[Captioned web images]
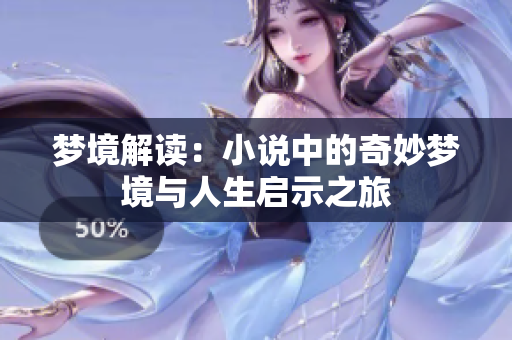 梦境解读：小说中的奇妙梦境与人生启示之旅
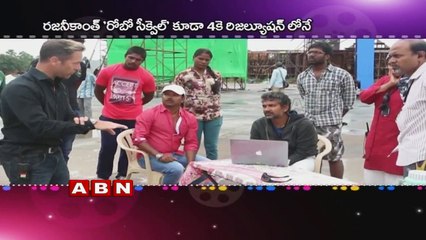 Cinema Theatres gear up for Baahubali-2 with 4K projectors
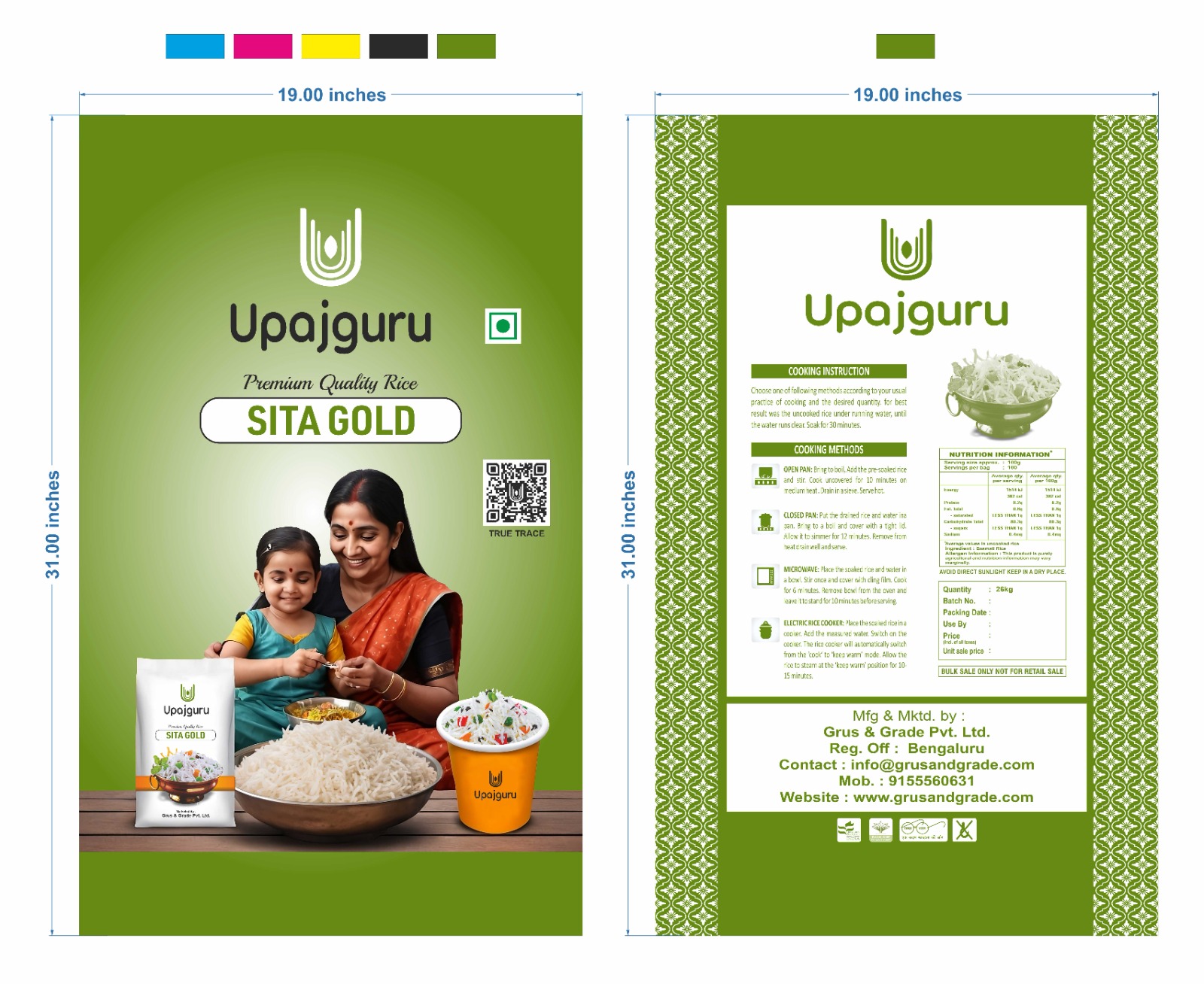 UPAJGURU SITA GOLD RICE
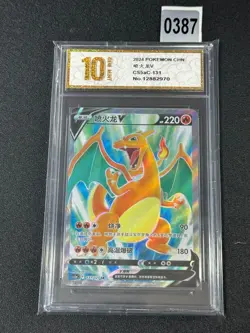 Charizard V CS5aC 131/127 SR Full Art Holo Sun & Moon Chinese Pokemon Grade 10 - Image 1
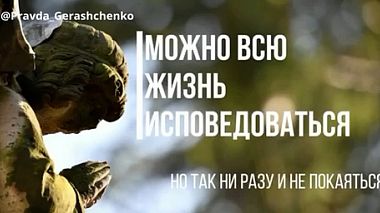 Filmowiec Артур Гульпак z Czerniwice, Ukraina - Можно всю жизнь исповедоваться, но так ни разу и не покаяться., reporting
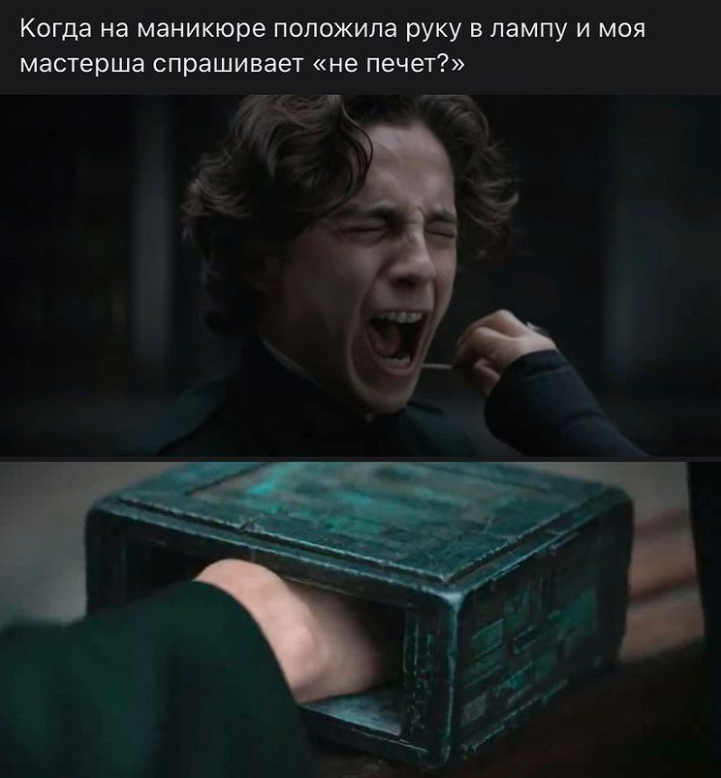 Что в коробке?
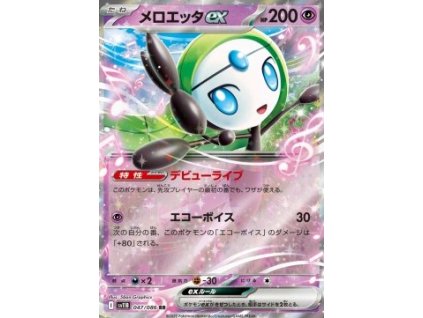 Meloetta 047
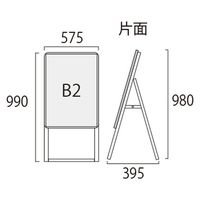 ポスターグリップスタンド看板 屋外用 B2片面シルバー (防水パック付) アームキャスターセット BOPGSK-B2KS-KSET 1台（直送品）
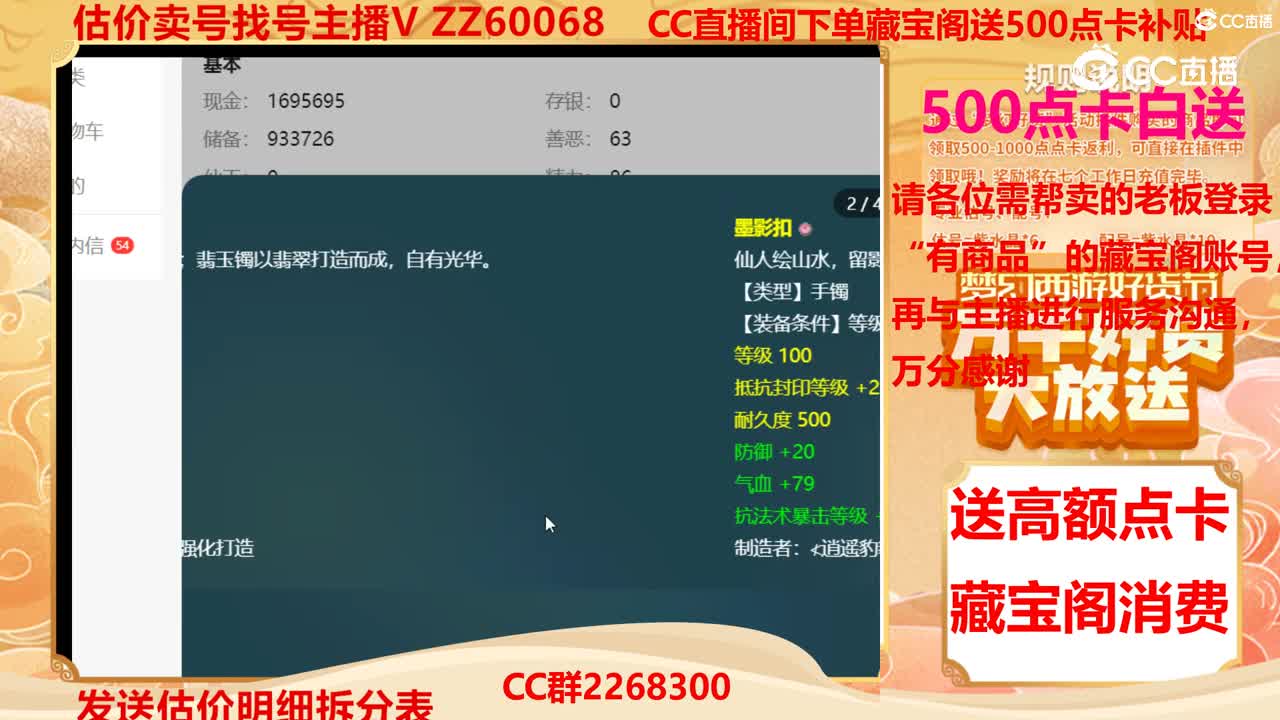 【主播点评】16479126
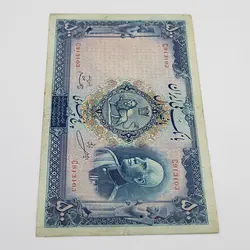 اسکناس 500 ریالی رضا شاه پهلوی 1317 سری ششم – C913103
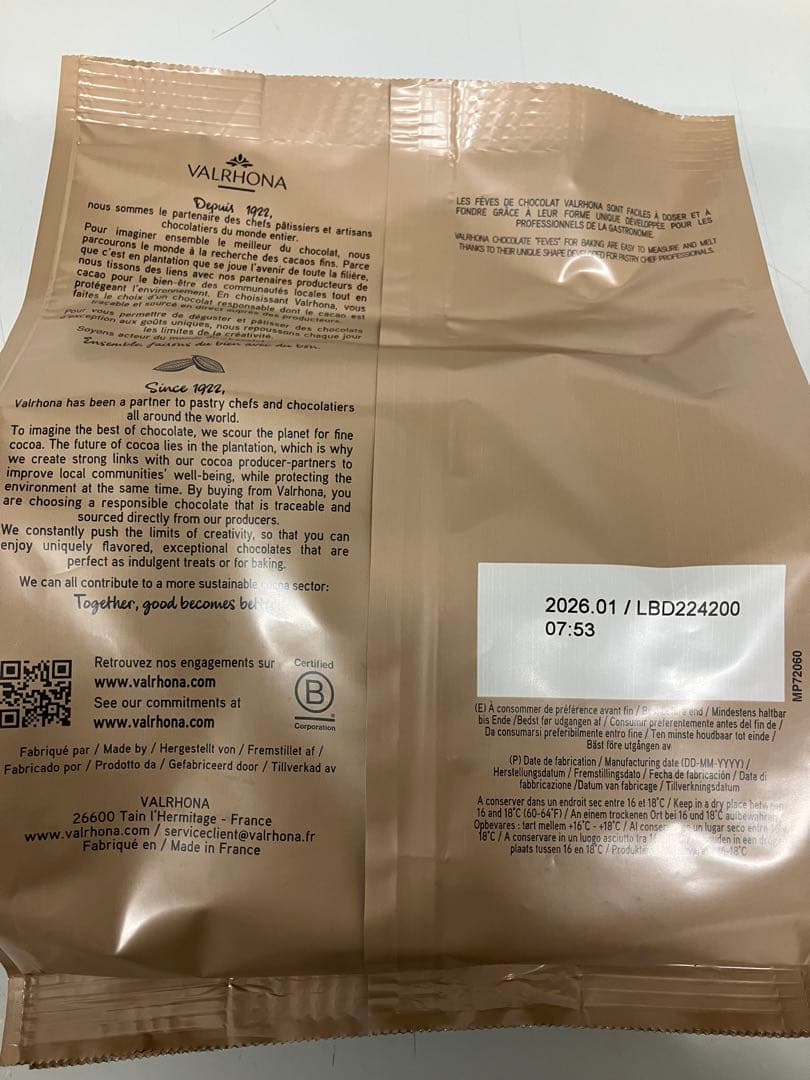 グアナラ1キロカライブ1キロ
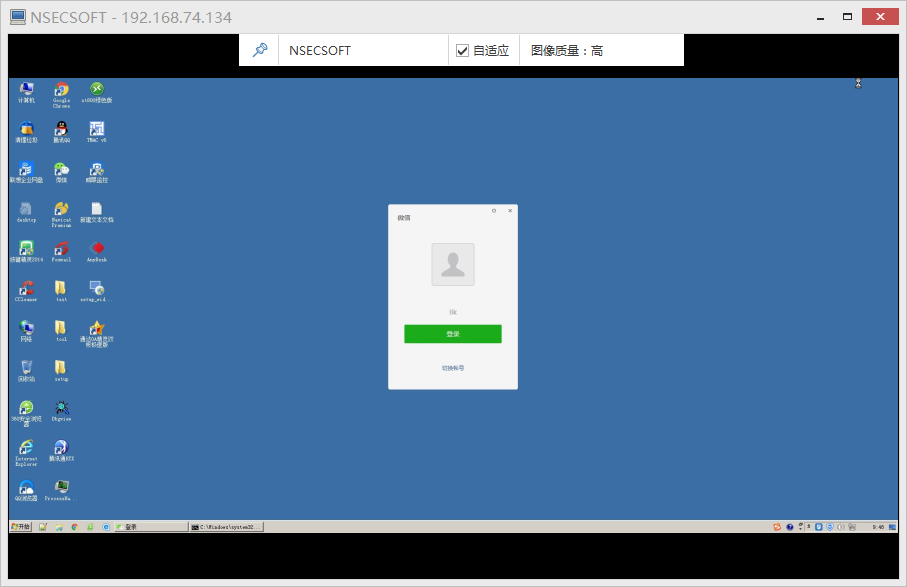 EMwork升级通知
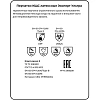 Перчатки защитные латекс Manipula ЭКСПЕРТ УЛЬТРА (DG-042) 25 пар/уп р.10,ПС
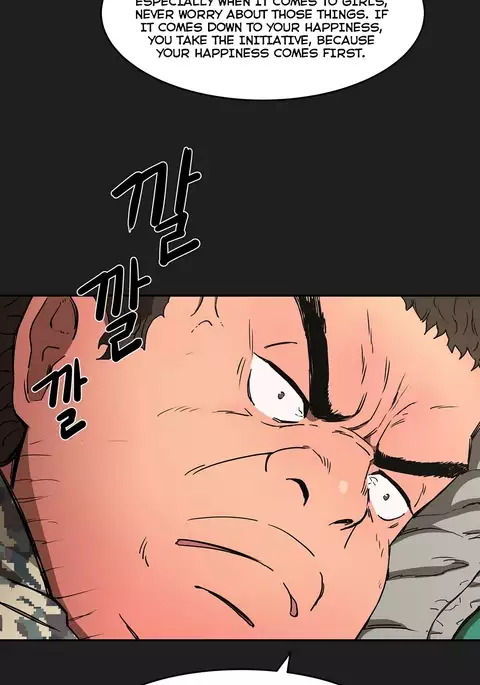 Refrain Love Ch.1-22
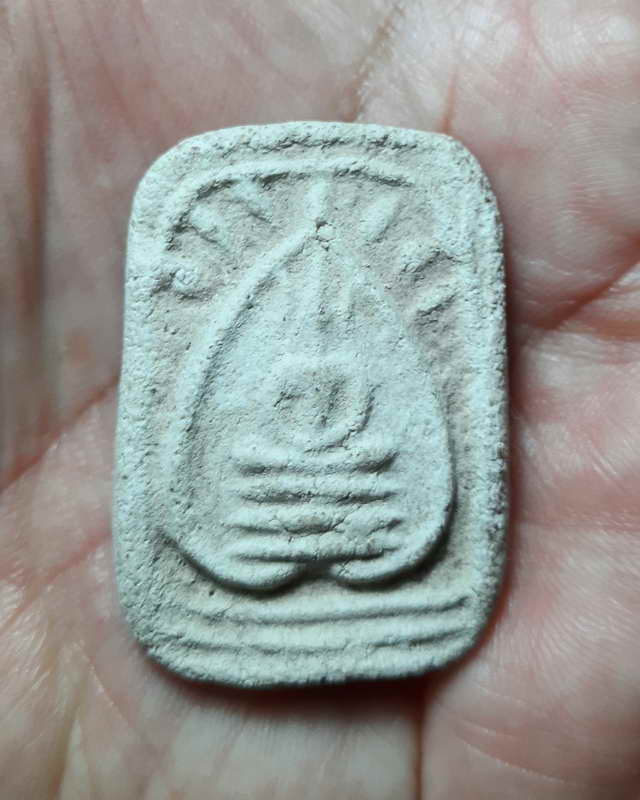 สมเด็จพิมพ์ใบโพธิ์หลวงปู่อ่อน วัดหนองไผ่ ไพศาลี นครสวรรค์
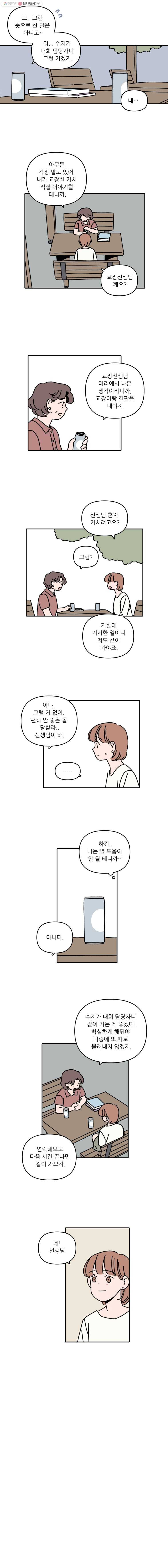 우리학교 김선생님 101화 5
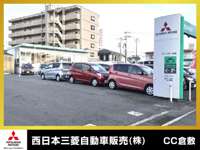 西日本三菱自動車販売（株）　ＵＣＡＲ倉敷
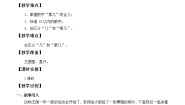 小学西师大版二 10以内数的认识和加减法（二）综合与测试教案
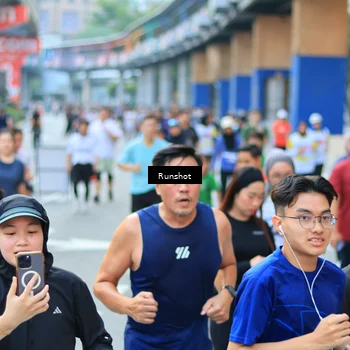 Runner Photo 4881936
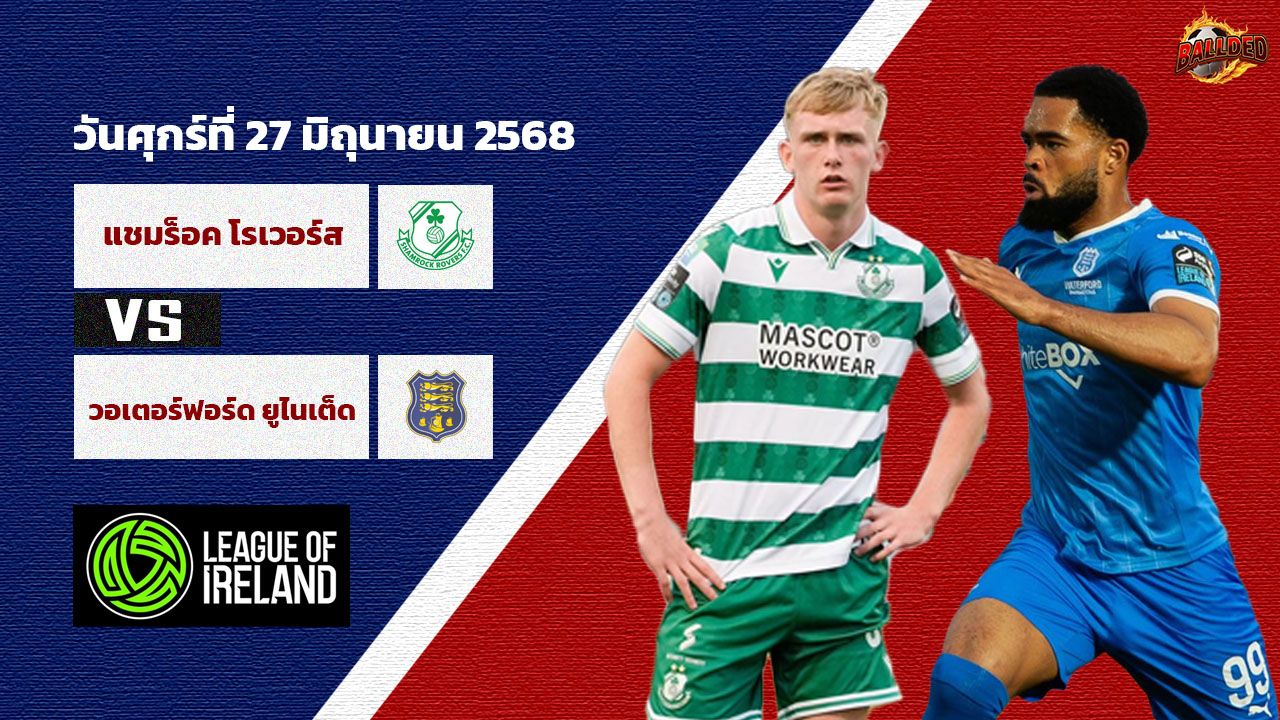 วิเคราะห์บอล ไอร์แลนด์ พรีเมียร์ลีก แชมร็อค โรเวอร์ส vs วอเตอร์ฟอร์ด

→ REQUIRED ACTION: Pick up at the line that holds "Cinema Theatres gear" and restate each line, word for word, through the last line of the entries. Include both end lines but none of the pictures.

→ TASK ANSWER:
 Cinema Theatres gear up for Baahubali-2 with 4K projectors
 UPAJGURU SITA GOLD RICE
 Charizard V CS5aC 131/127 SR Full Art Holo Sun & Moon Chinese Pokemon Grade 10 - Image 1
 Filmowiec Артур Гульпак z Czerniwice, Ukraina - Можно всю жизнь исповедоваться, но так ни разу и не покаяться., reporting
 Что в коробке?
 Meloetta 047
 ポスターグリップスタンド看板 屋外用 B2片面シルバー (防水パック付) アームキャスターセット BOPGSK-B2KS-KSET 1台（直送品）
 【主播点评】16479126
 اسکناس 500 ریالی رضا شاه پهلوی 1317 سری ششم – C913103
 グアナラ1キロカライブ1キロ
 EMwork升级通知
 Перчатки защитные латекс Manipula ЭКСПЕРТ УЛЬТРА (DG-042) 25 пар/уп р.10,ПС
 Refrain Love Ch.1-22
 สมเด็จพิมพ์ใบโพธิ์หลวงปู่อ่อน วัดหนองไผ่ ไพศาลี นครสวรรค์
 우리학교 김선생님 101화 5
 西日本三菱自動車販売（株）　ＵＣＡＲ倉敷
 小学西师大版二 10以内数的认识和加减法（二）综合与测试教案
 Runner Photo 4881936
 วิเคราะห์บอล ไอร์แลนด์ พรีเมียร์ลีก แชมร็อค โรเวอร์ส vs วอเตอร์ฟอร์ด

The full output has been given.